For the second year in a row, AT&T's LTE service has proven to be the fastest in our survey of wireless broadband performance across the United States. T-Mobile LTE appears to be spreading rapidly, and is pumping out high speeds. Verizon LTE is reasonably quick and easily the most pervasive, while Sprint LTE lacks speed in urban centers.
Those are the top-line findings of our most recent study of real-world wireless broadband performance in America. In March and April, we measured the LTE services of the four major national wireless carriers in 20 cities from coast to coast.
LTE goes mainstream
A quarter of U.S. cellular subscribers now have LTE service, and analysts expect that number to grow to nearly 70 percent in 2017. More and more new phones will bear the LTE label, and phones that connect only to 3G service will become increasingly rare.

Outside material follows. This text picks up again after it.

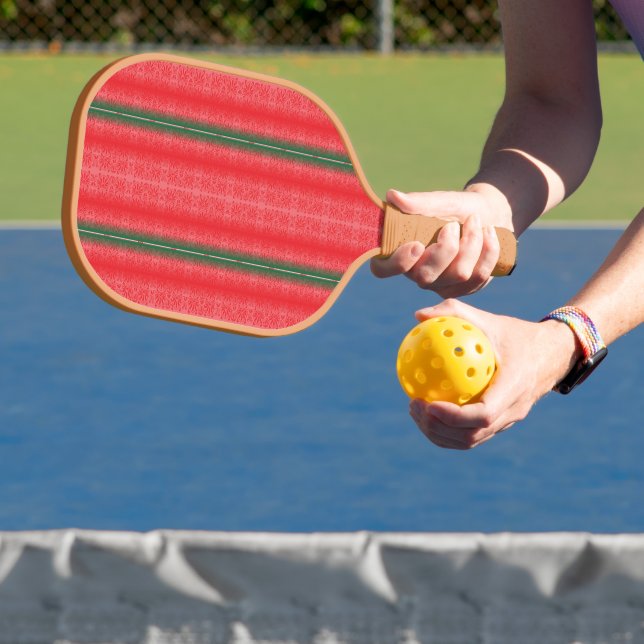 a red and green striped background pickleball paddle (Insitu)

In fact, 3G networks were originally designed for voice, not data. The carriers retrofitted them with IP technology to make them convey data, but you can retrofit only so much until returns (in speed and capacity) begin to diminish. New LTE networks are constructed from top to bottom with IP as their main language, so they are far faster, more economical, and more flexible than the clunky old 3G networks. But 4G is very expensive to build from the ground up, as investors in the Big Four wireless carriers can attest.
The advent of the iPhone and then Android phones--plus their insatiable hunger for bandwidth--caught the carriers by surprise. Since then, the carriers have embraced the high-margin business of moving mobile data, and have invested billions in upgrading old networks and building new ones.
Somewhat ironically, it is the carrier that was originally (and very publicly) stung by the mobile-data crunch that now leads the race for faster data speeds.
AT&T is still the fastest
About 30 percent of AT&T's smartphone customers now use an LTE device, the company says. AT&T tells its customers to expect the same upload and download speeds from its LTE network as Verizon does, about 5 to 12 megabits per second for downloads and 2 to 5 mbps for uploads. AT&T delivers a bit more, pushing the high end of the download range and exceeding the upload range.
In our tests, AT&T's network averaged download speeds of 13.15 mbps, and 6.45 mbps for uploads. We saw average download speeds of above 15 mbps in six cities: Boston, Denver, Las Vegas, San Diego, San Jose, and Seattle. The average speeds in two of those cities, Denver and San Jose, surpassed 21 mbps, marking the only 20-plus-mbps showings of any service in our study. AT&T LTE clocked average download speeds of greater than 10 mbps in 16 of the 20 cities we tested.